* **ABOUT THIS TASK**
Print out the data exactly, keeping every image out of it.

* **DATASET EXCERPT**
————

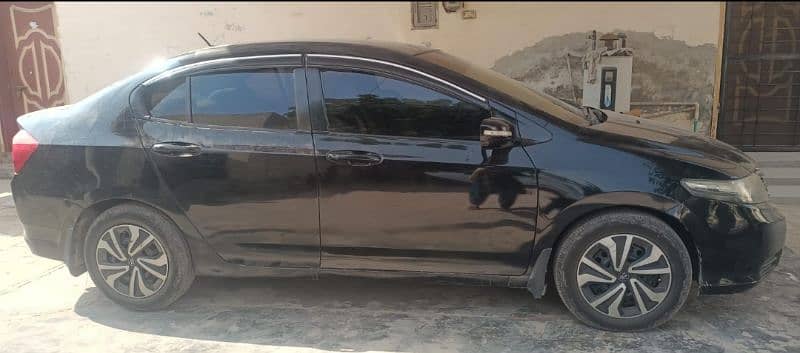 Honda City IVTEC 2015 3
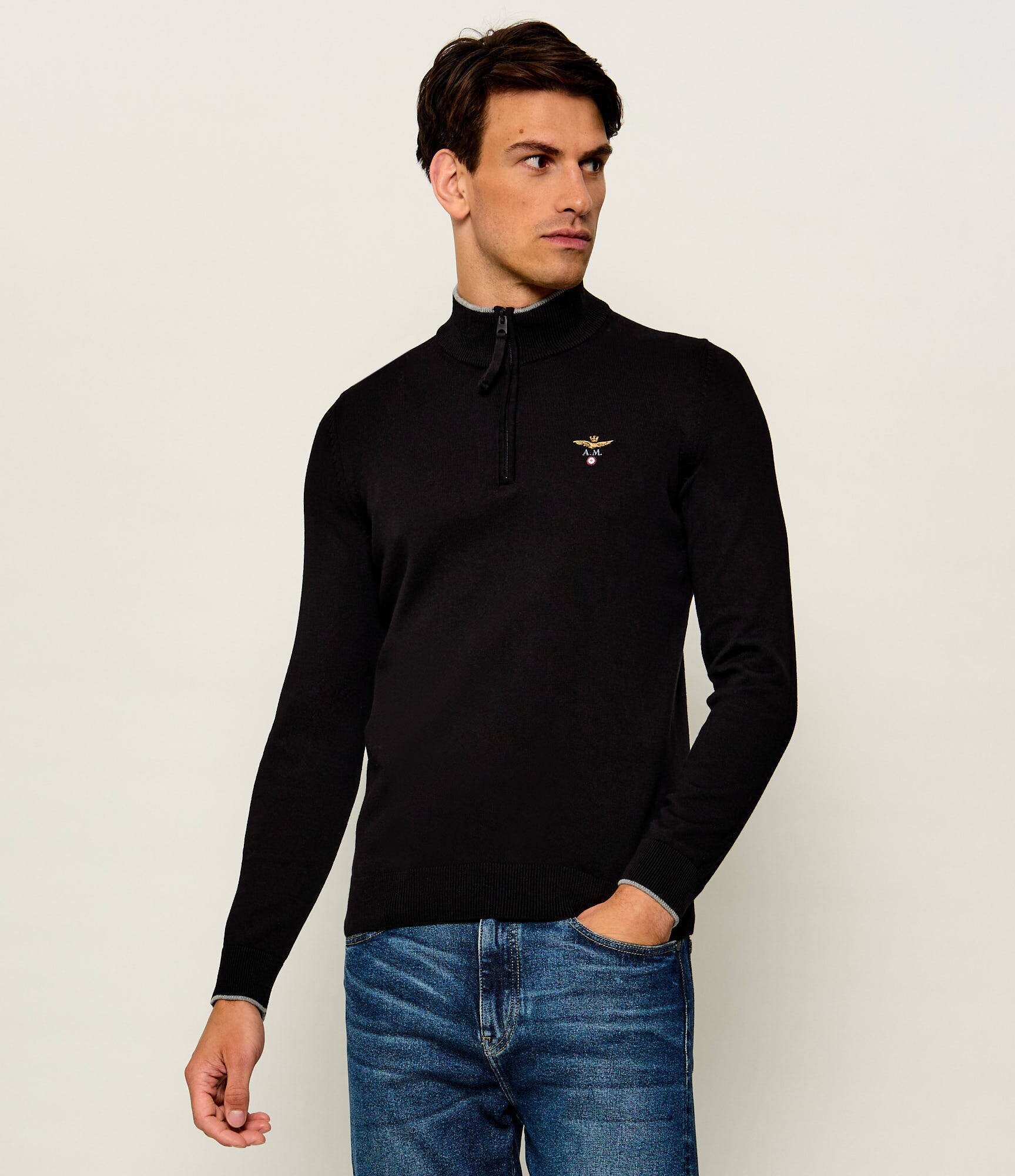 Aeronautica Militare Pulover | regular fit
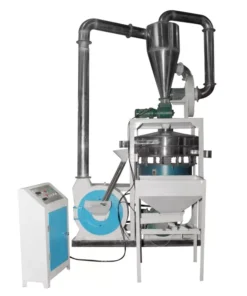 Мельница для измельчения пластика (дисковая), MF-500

————

* **RESULT FOR THIS EXERCISE**
 Honda City IVTEC 2015 3
 Aeronautica Militare Pulover | regular fit
 Мельница для измельчения пластика (дисковая), MF-500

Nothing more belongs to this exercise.